(Recorded data)
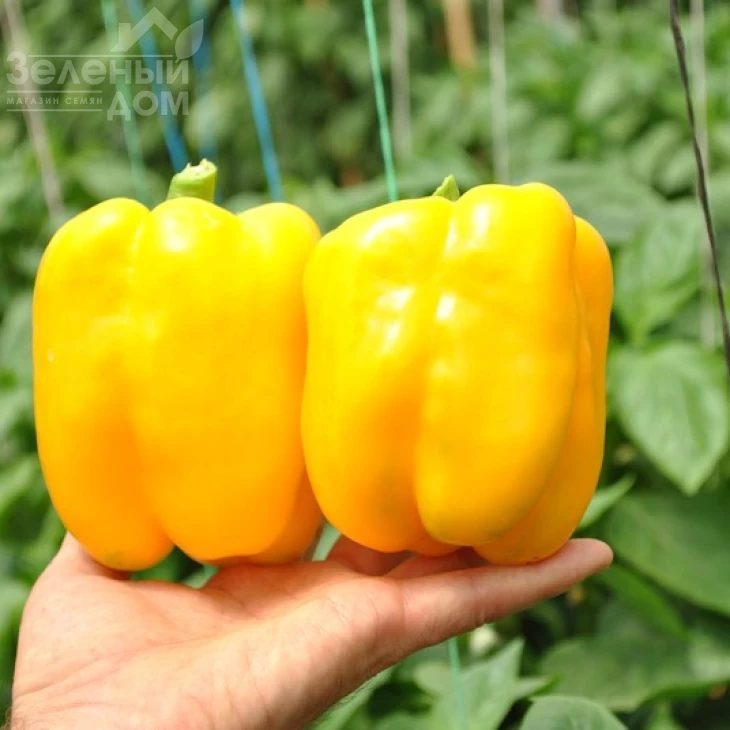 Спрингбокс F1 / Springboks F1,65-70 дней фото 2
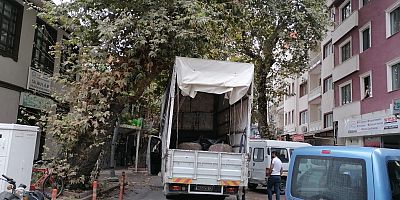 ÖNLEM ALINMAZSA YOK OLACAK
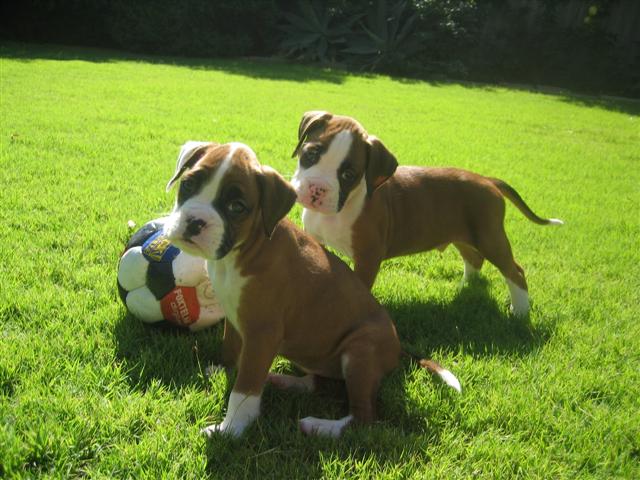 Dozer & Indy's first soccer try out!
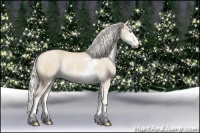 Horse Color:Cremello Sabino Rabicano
(End Recorded data)
(Recorded data)
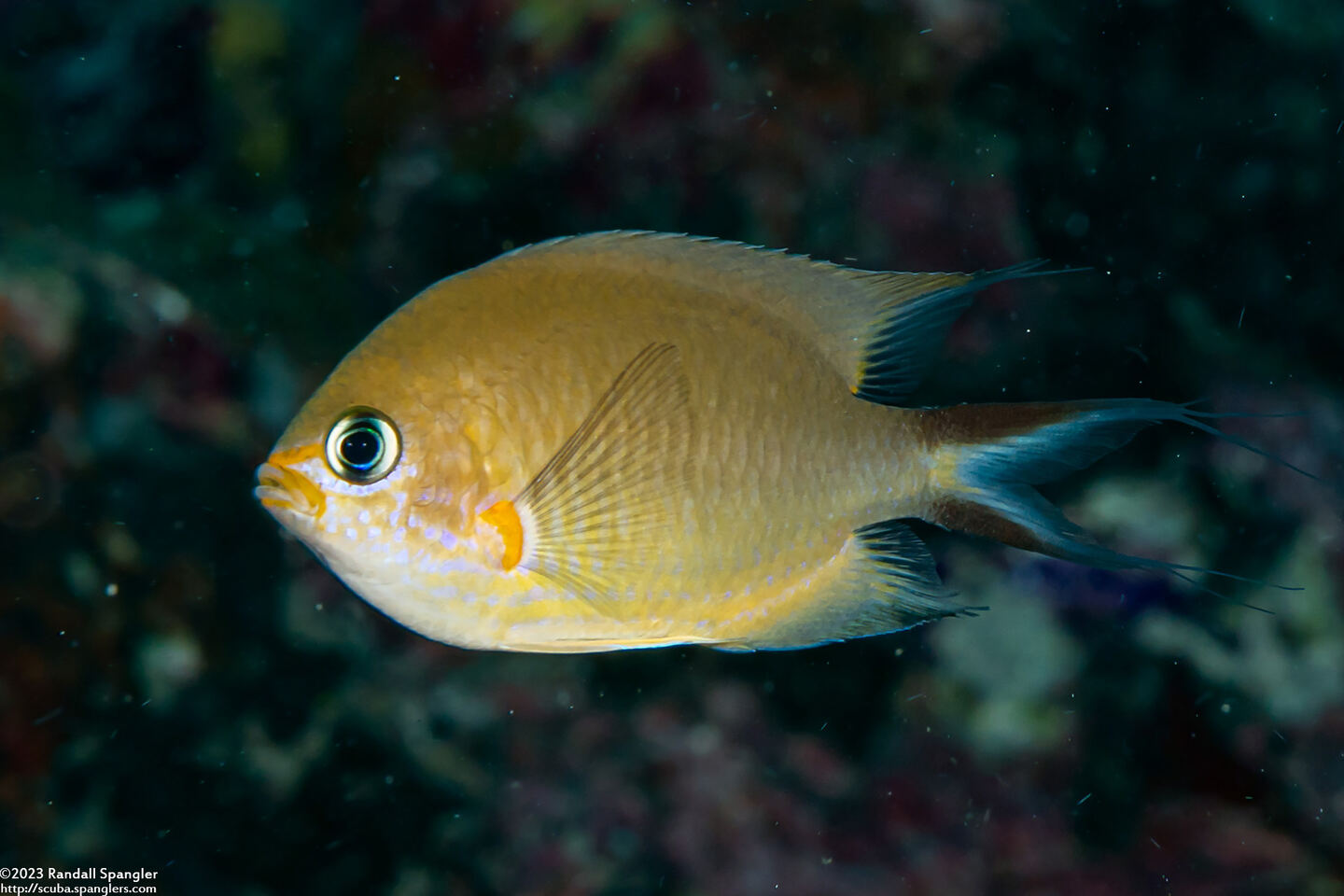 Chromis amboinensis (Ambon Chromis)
(End Recorded data)
(Recorded data)
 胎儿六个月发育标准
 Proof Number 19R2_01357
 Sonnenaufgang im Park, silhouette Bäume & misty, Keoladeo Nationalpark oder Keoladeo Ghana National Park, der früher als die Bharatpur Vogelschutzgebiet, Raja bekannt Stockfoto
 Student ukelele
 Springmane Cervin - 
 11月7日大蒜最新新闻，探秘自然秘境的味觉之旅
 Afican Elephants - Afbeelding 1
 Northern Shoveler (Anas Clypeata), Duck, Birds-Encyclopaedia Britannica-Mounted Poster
(End Recorded data)
Goal of the exercise
Nothing but the lines above from the one that has "Спрингбокс F1 /" down to the one that has "Horse Color:Cremello Sabino Rabicano" belongs in the answer, copied exactly, without pictures.

Task result
 Спрингбокс F1 / Springboks F1,65-70 дней фото 2
 ÖNLEM ALINMAZSA YOK OLACAK
 Dozer & Indy's first soccer try out!
 Horse Color:Cremello Sabino Rabicano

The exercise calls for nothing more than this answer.